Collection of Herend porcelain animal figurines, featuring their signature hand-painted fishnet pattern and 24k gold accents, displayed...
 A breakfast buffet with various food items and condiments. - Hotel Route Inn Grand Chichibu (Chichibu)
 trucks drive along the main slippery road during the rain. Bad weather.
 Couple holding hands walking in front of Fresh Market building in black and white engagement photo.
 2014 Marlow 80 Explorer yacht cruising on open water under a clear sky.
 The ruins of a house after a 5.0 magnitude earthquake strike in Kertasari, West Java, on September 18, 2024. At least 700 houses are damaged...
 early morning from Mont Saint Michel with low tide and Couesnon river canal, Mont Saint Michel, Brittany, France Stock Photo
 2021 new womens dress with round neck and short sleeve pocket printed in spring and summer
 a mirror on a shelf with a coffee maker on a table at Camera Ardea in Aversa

--------

# Your task
Report each line of the listing above that uses the word "with".

# Answer to the problem
 A breakfast buffet with various food items and condiments. - Hotel Route Inn Grand Chichibu (Chichibu)
 early morning from Mont Saint Michel with low tide and Couesnon river canal, Mont Saint Michel, Brittany, France Stock Photo
 2021 new womens dress with round neck and short sleeve pocket printed in spring and summer
 a mirror on a shelf with a coffee maker on a table at Camera Ardea in Aversa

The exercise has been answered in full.